• PROBLEM: Could every line below be transcribed exactly, with the pictures dropped?

• DATA SECTION:
-- -- --
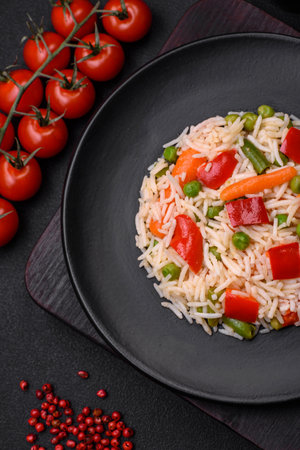 Delicious boiled rice with peppers, peas, asparagus beans and carrots on a textured concrete backgroundの写真素材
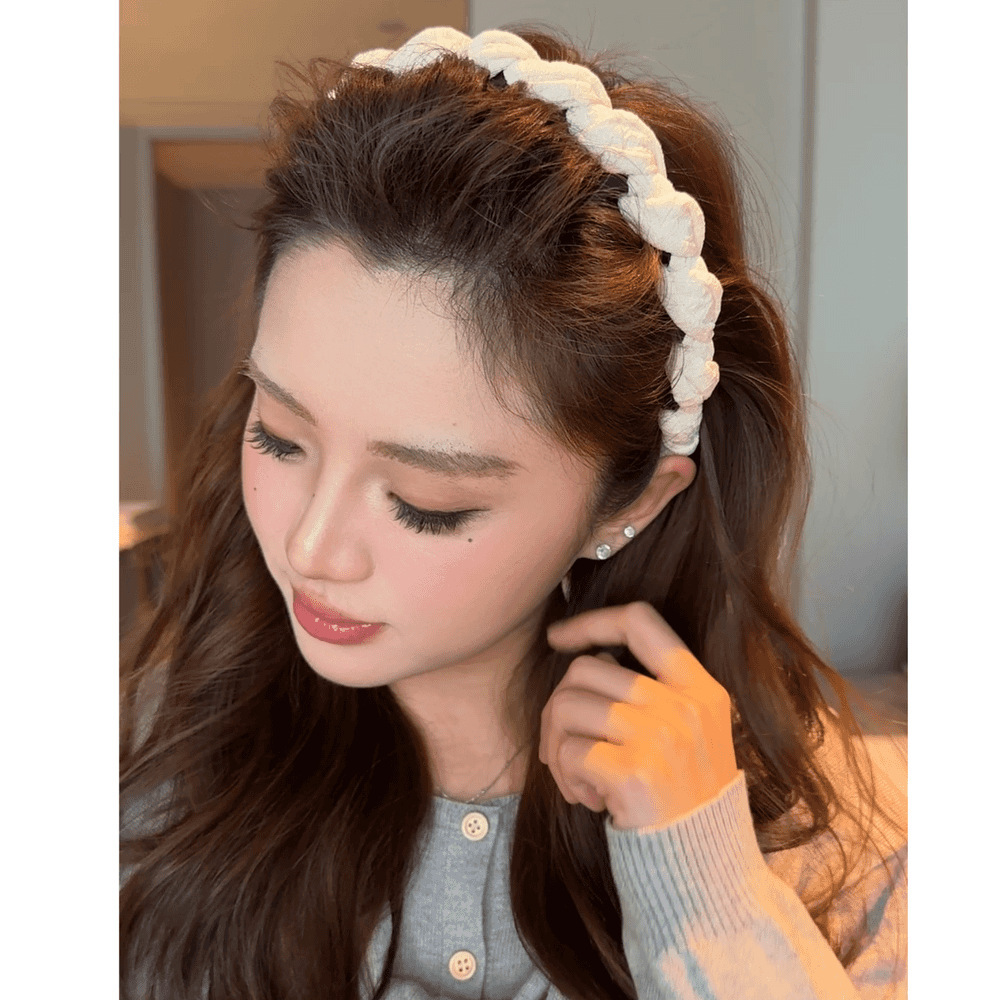 A beige twisted tooth comb headband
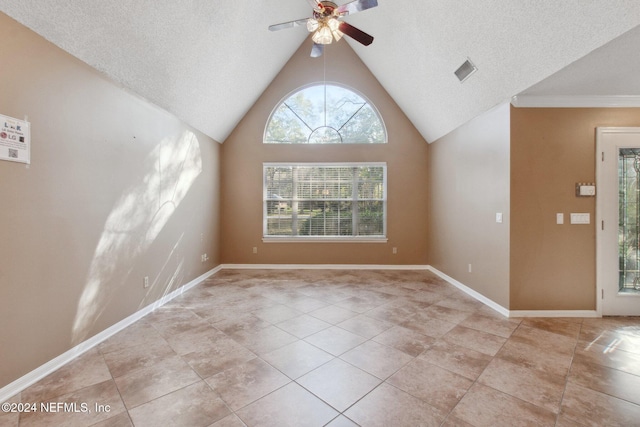 unfurnished room featuring a textured ceiling, vaulted ceiling, ceiling fan, and light tile patterned flooring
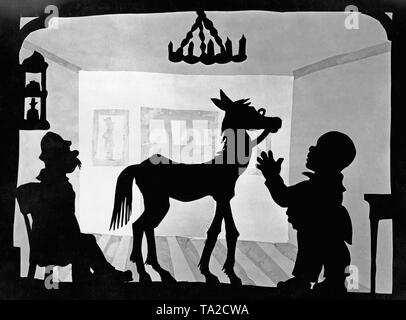 This photo shows a scene from the silhouette film 'Dr. Dolittle and His Animals' - subtitle: 'Das kranke Pferd' by Charlotte Reiniger. The silhouette film, also known as silhouette animation, is a technique of animated film in which silhouettes are put together on a lighted glass plate in front of a white or black background to form a film. The result is the silhouette film, inspired by shadow theater and the pictorial techniques of silhouette cutting.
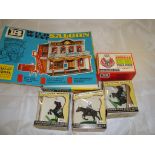 A selection of Britains Wild West toys to include a saloon kit and some horses VG in F-G boxes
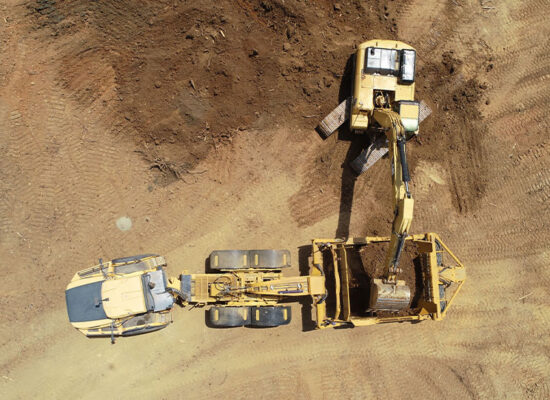Excavator loads soil into dump truck; tire tracks visible.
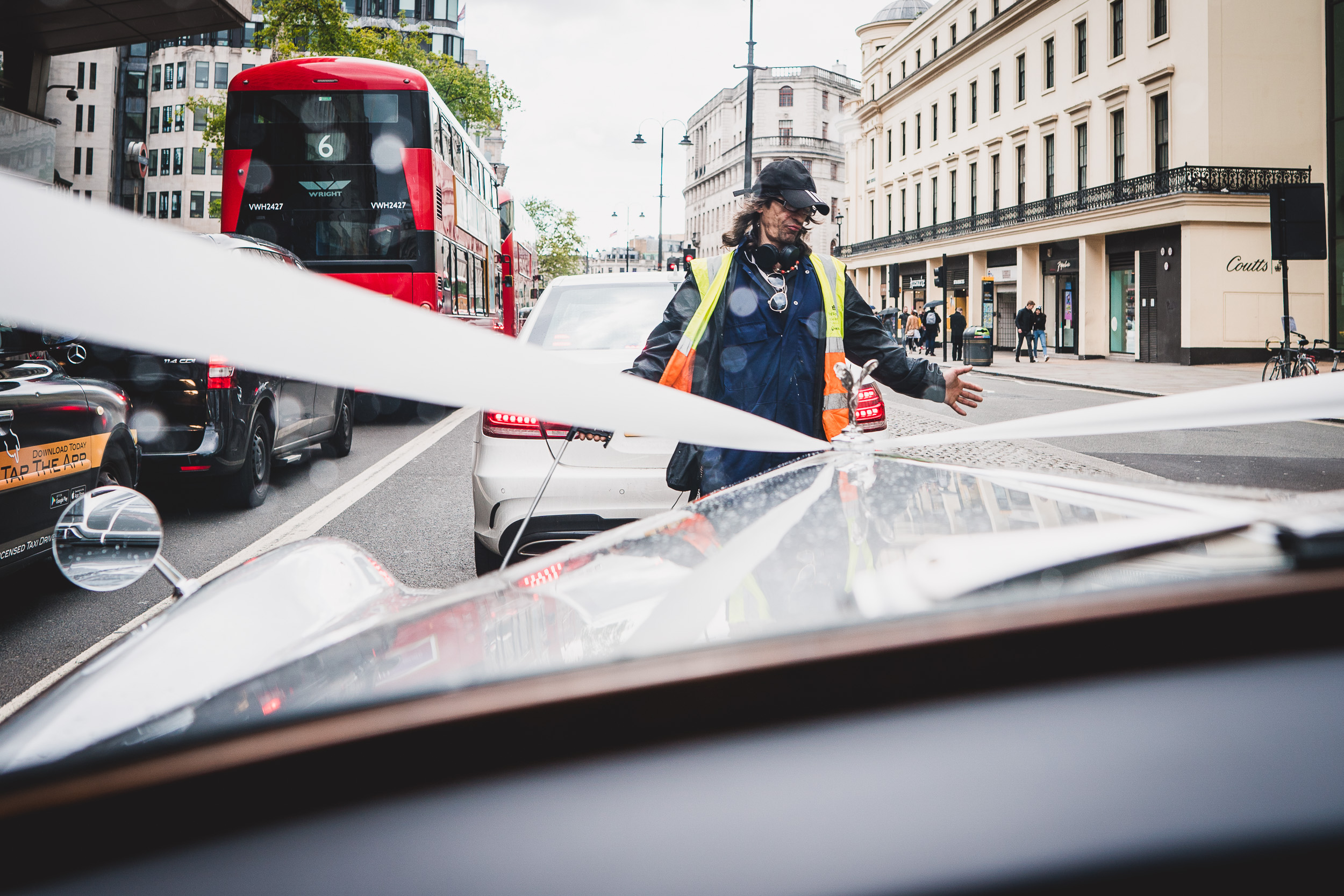 A wedding photographer captures the groom cutting a ribbon on the side of a car.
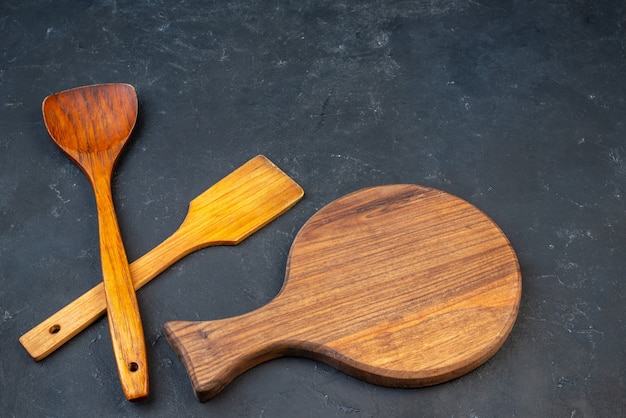 Foto gratuita vista superior de cucharas de madera de tablero redondo de madera en el espacio de copia de mesa oscura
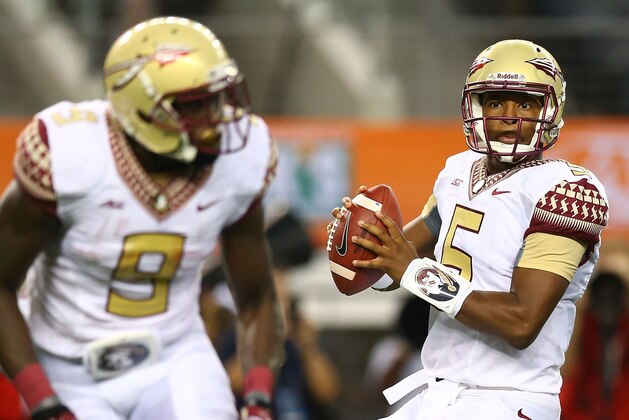 ARLINGTON, TX - AUGUST 30:  Jameis Winston #5 of the Florida State Seminoles looks to pass as Karlos Williams #9 flares out of the backfield against the Oklahoma State Cowboys in the first half of the Advocare Cowboys Classic at AT&T Stadium on August 30, 2014 in Arlington, Texas.  (Photo by Ronald Martinez/Getty Images)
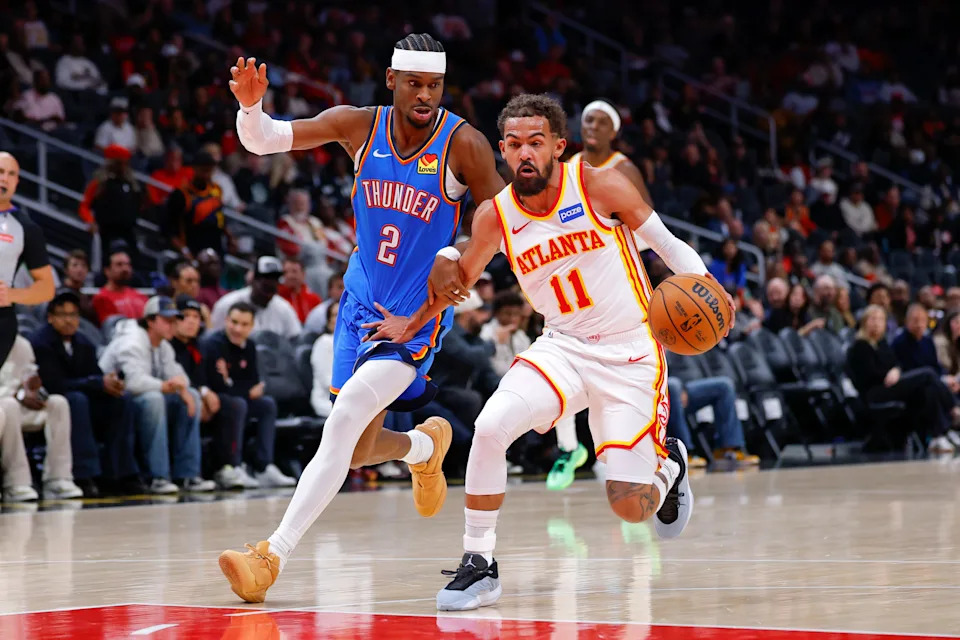 ATLANTA, GEORGIA - OCTOBER 25: Trae Young #11 of the Atlanta Hawks drives against Shai Gilgeous-Alexander #2 of the Oklahoma City Thunder during the first quarter at State Farm Arena on October 25, 2025 in Atlanta, Georgia. NOTE TO USER: User expressly acknowledges and agrees that, by downloading and or using this photograph, User is consenting to the terms and conditions of the Getty Images License Agreement. (Photo by Todd Kirkland/Getty Images)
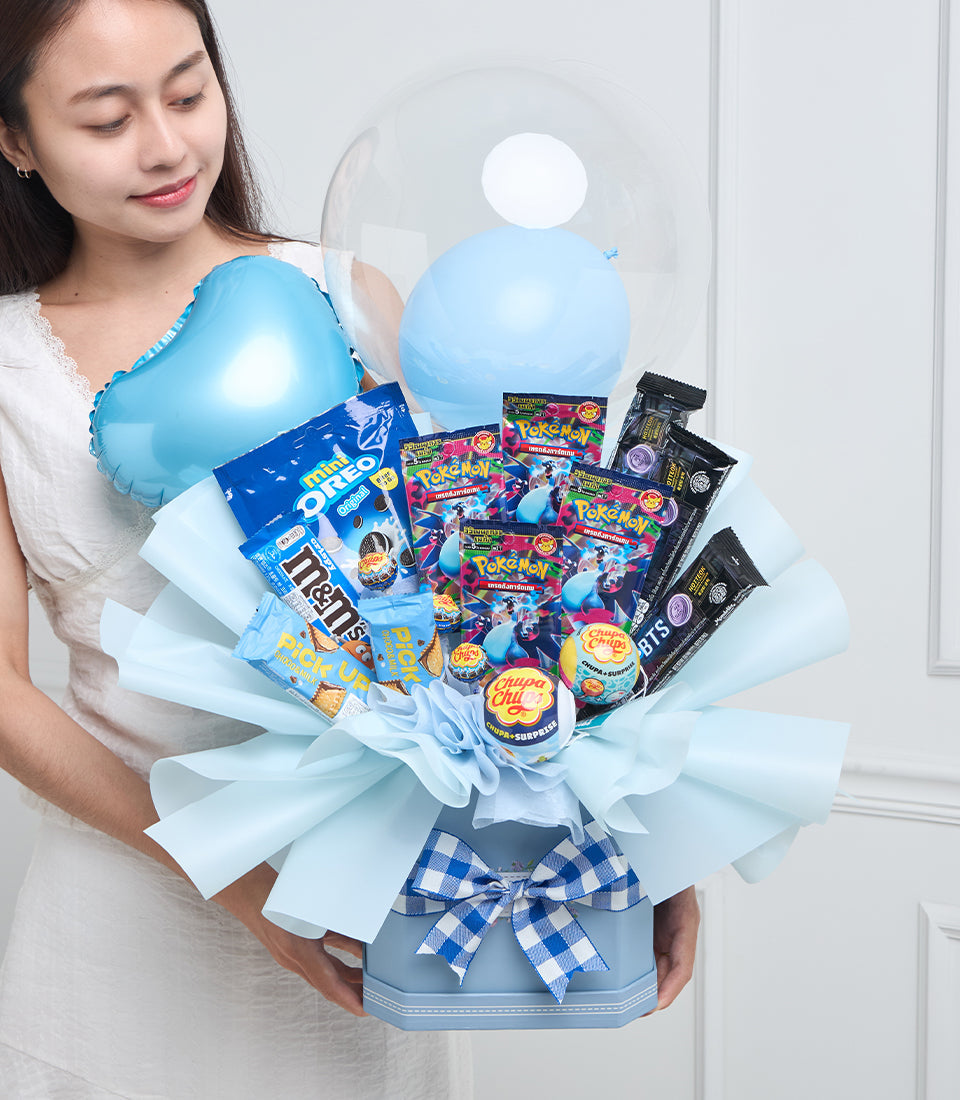 Blue balloon bouquet gift arrangement with Pokémon cards, candies, and BTS merchandise wrapped in light blue tissue paper with checkered ribbon bow.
-- -- --
• RESULT OF THE TASK:
 Delicious boiled rice with peppers, peas, asparagus beans and carrots on a textured concrete backgroundの写真素材
 A beige twisted tooth comb headband
 unfurnished room featuring a textured ceiling, vaulted ceiling, ceiling fan, and light tile patterned flooring
 This photo shows a scene from the silhouette film 'Dr. Dolittle and His Animals' - subtitle: 'Das kranke Pferd' by Charlotte Reiniger. The silhouette film, also known as silhouette animation, is a technique of animated film in which silhouettes are put together on a lighted glass plate in front of a white or black background to form a film. The result is the silhouette film, inspired by shadow theater and the pictorial techniques of silhouette cutting.
 A selection of Britains Wild West toys to include a saloon kit and some horses VG in F-G boxes
Excavator loads soil into dump truck; tire tracks visible.
 A wedding photographer captures the groom cutting a ribbon on the side of a car.
 Foto gratuita vista superior de cucharas de madera de tablero redondo de madera en el espacio de copia de mesa oscura
 ARLINGTON, TX - AUGUST 30:  Jameis Winston #5 of the Florida State Seminoles looks to pass as Karlos Williams #9 flares out of the backfield against the Oklahoma State Cowboys in the first half of the Advocare Cowboys Classic at AT&T Stadium on August 30, 2014 in Arlington, Texas.  (Photo by Ronald Martinez/Getty Images)
 ATLANTA, GEORGIA - OCTOBER 25: Trae Young #11 of the Atlanta Hawks drives against Shai Gilgeous-Alexander #2 of the Oklahoma City Thunder during the first quarter at State Farm Arena on October 25, 2025 in Atlanta, Georgia. NOTE TO USER: User expressly acknowledges and agrees that, by downloading and or using this photograph, User is consenting to the terms and conditions of the Getty Images License Agreement. (Photo by Todd Kirkland/Getty Images)
 Blue balloon bouquet gift arrangement with Pokémon cards, candies, and BTS merchandise wrapped in light blue tissue paper with checkered ribbon bow.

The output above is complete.